While I was still quite young (about the age of six, if I rightly remember) I received an excited summons up to the loft in our house. It was not the kind place I frequented. I’m not sure that I had ever been there before. The main difficulty was the access. The aperture in the landing ceiling was of small dimensions. To reach it was necessary to climb a somewhat rickety pair of steps and then to use techniques which were a cross between mountaineering and gymnastics to fling oneself at the aperture in the hope of landing in the right place. Due to my timid disposition I was quite ready to call off the whole exploit that day, but the excited persuasions of my father convinced me that something quite out of the ordinary was afoot and I eventually agreed to take the plunge. Arriving in the loft I noticed a torch was illuminating a small apparatus in one part of the loft and it was not long before my father and brother were feverishly manipulating a whisker-like device in a glass tube. It was of course a crystal set which had been constructed by my father who was determined not to be left out of the new technology. It cannot be said that the reception was particularly good. It was just possible as a result of intense concentration to make out a voice repeating the call sign 2LO but this was the extent of the message. The excitement was the sheer achievement of snatching from the air anything resembling a human voice. It is similar to the joy of any achievement.
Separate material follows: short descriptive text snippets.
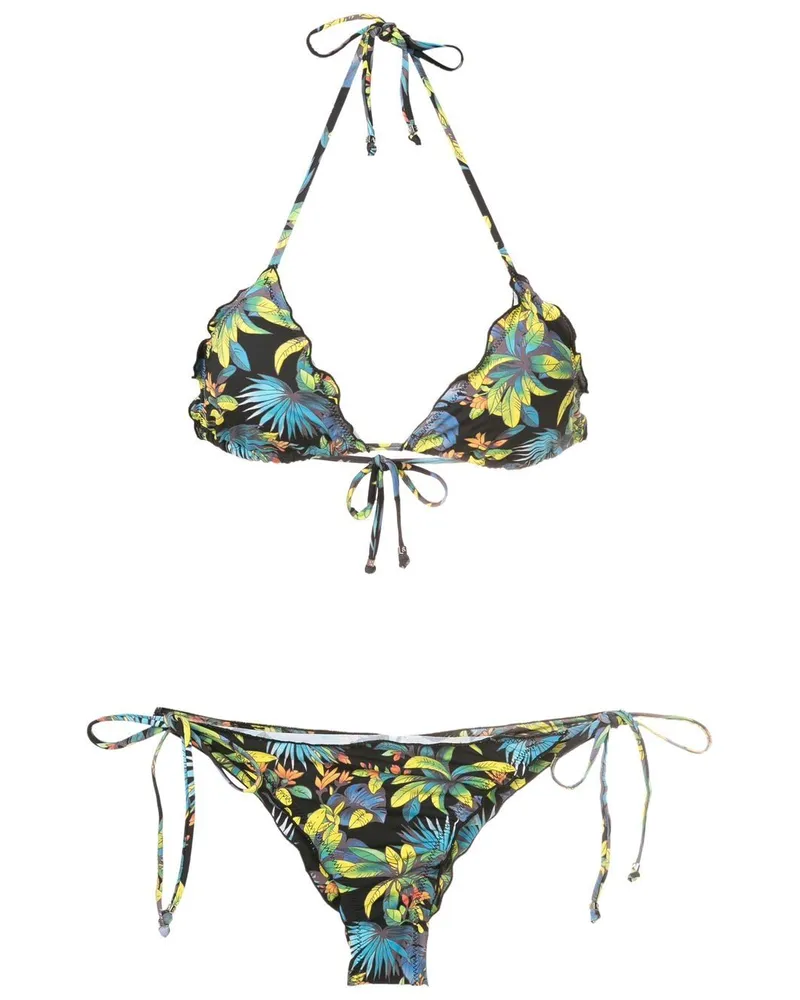 Amir Slama Bikini mit tropischem Print - Schwarz Schwarz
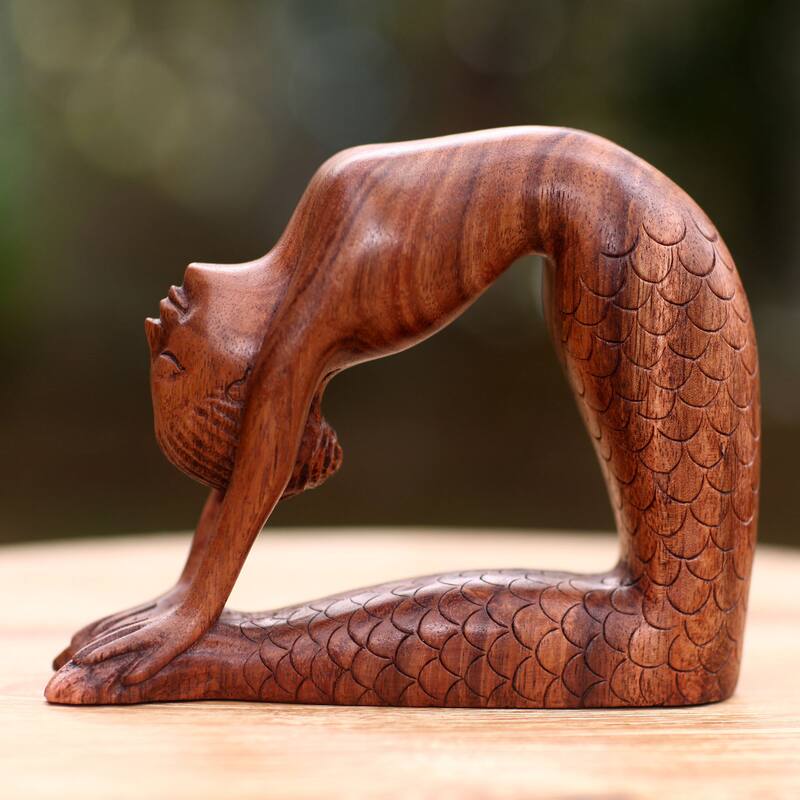 Handcrafted Suar Wood 'Ustrasana Mermaid' Sculpture (Indonesia)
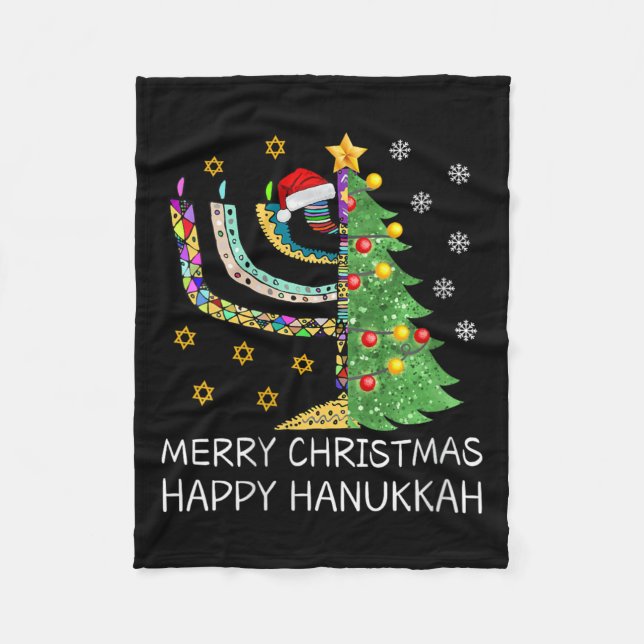 Womens Merry Christmas Happy Hanukkah Jewish Merry Fleece Blanket (Front)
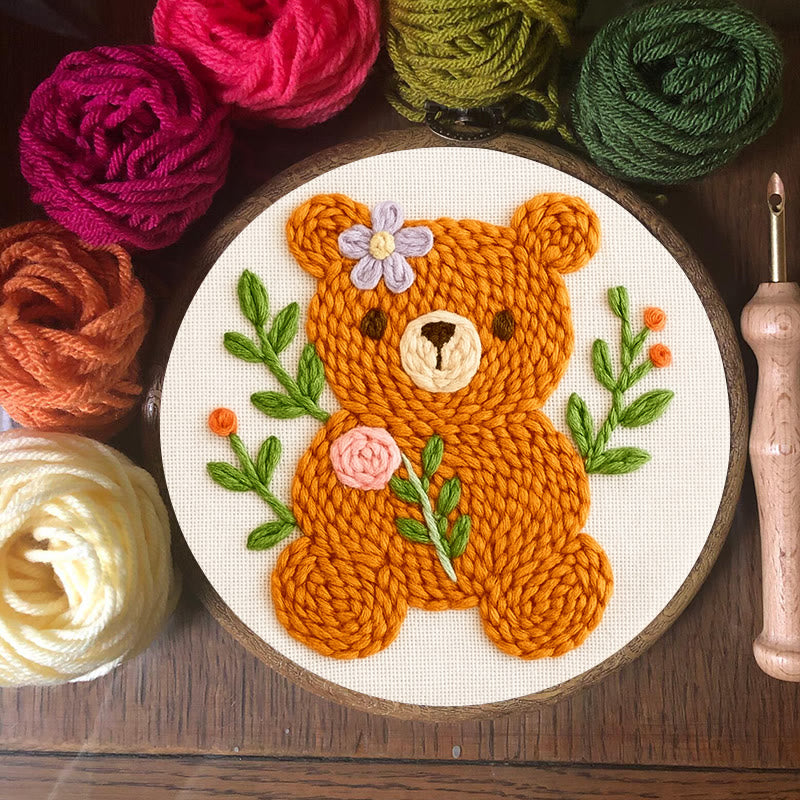 Little Bear Punch Needle  Kit - Lovely Animal Needlework | Gifts For Firends - image 2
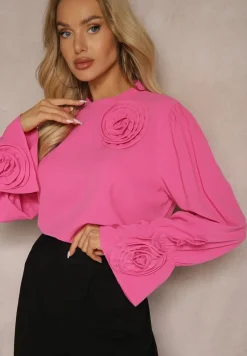 Różowa Bluzka z Dodatkiem Bawełny Ozdobiona Kwiatem 3D Merisara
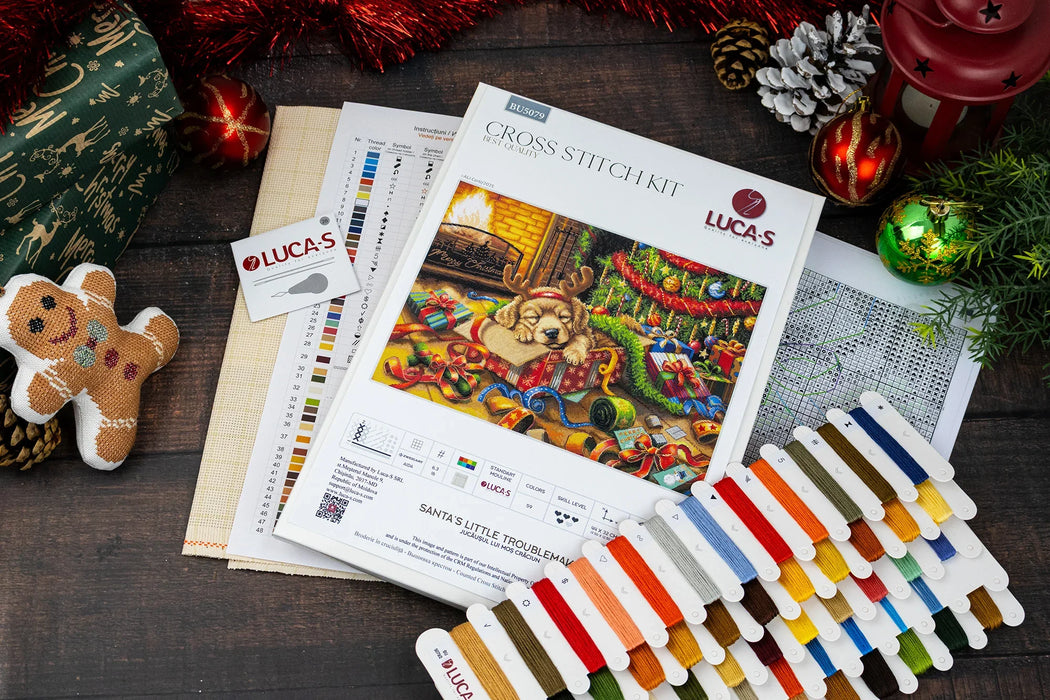 Santa's Little Troublemaker BU5079L Counted Cross-Stitch Kit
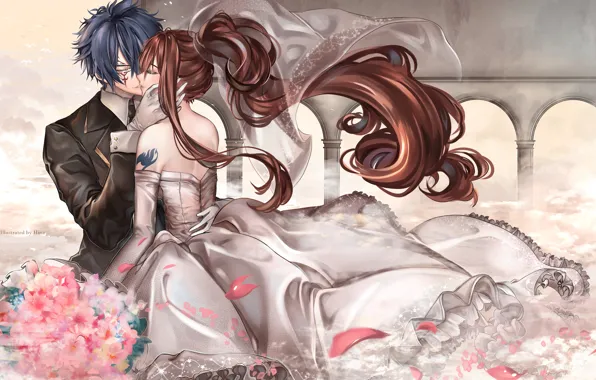 Jellal Fernandes, Erza Scarlet, Fanart, FAIRY TAIL, Bridal Veil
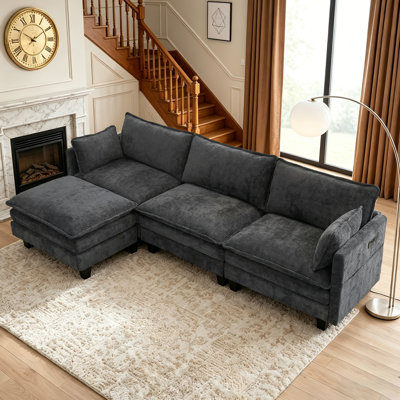 108.00 W Chenille L-Shaped Modular Sectional Sofa with 2 Throw Pillows,Charging Ports,Side Storage Pockets,Double-Layer Cushions,Movable Ottoman.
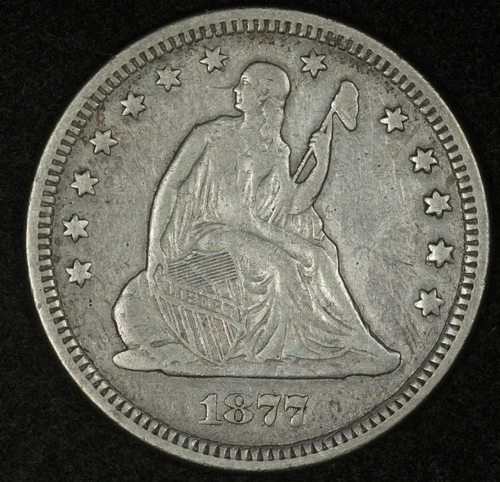 1877 SEATED LIBERTY QUARTER XF DETAILS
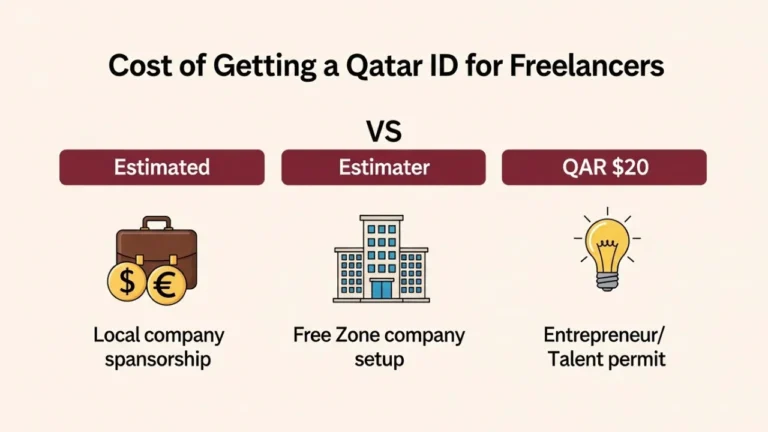 Comparison chart showing cost options for Qatar ID routes — local company sponsorship, free-zone company setup, and entrepreneur or talent permit.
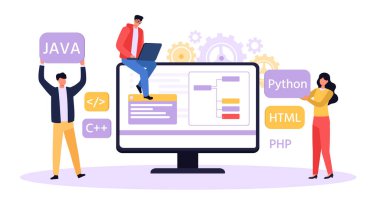 Programcı ve tasarımcı geliştirme web sitesi. Yazılım geliştiricisi piton, java, html kodu yazıyor. Dizüstü bilgisayarda çalışan bir adam, iş arkadaşları yardım ediyor. Erkek ve kadın karakterler takım çalışması, web sitesi vektörü oluşturuluyor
Even that wispy result had not been achieved without some hazard. I remember seeing my father perched on the top of a ladder precariously attempting to rig up an aerial which had to be of sufficient height to clear the trees. The whole operation was mystifying and marvellous. I do not think I have since experienced the same wonder as I reach to push a button for automatic tuning without the need of such an aerial at all.
Another of my father’s passions was his love of motor cars. Since his boss, William Pretty, owned one of the earliest cars to be seen on the streets of Ipswich, my father was given an early opportunity to drive it. I believe it was a Darrack and my father’s presence was needed because of his mechanical expertise. He came to be used as an occasional chauffeur cum mechanic. In those early days mechanics were at a premium. But my father’s means would not stretch to acquiring an expensive car, but his experience with William Pretty’s car whetted his appetite and he later acquired a small De Dion. It was a two-seater tourer with wire spoke wheels and generally a somewhat insubstantial looking frame. I never saw this contraption but a picture of it has been preserved in the family album showing my father driving, my mother in the passenger seat and my brother Malcolm sitting on the floor with his legs dangling over the side. Certainly car design has come a long way since those early days.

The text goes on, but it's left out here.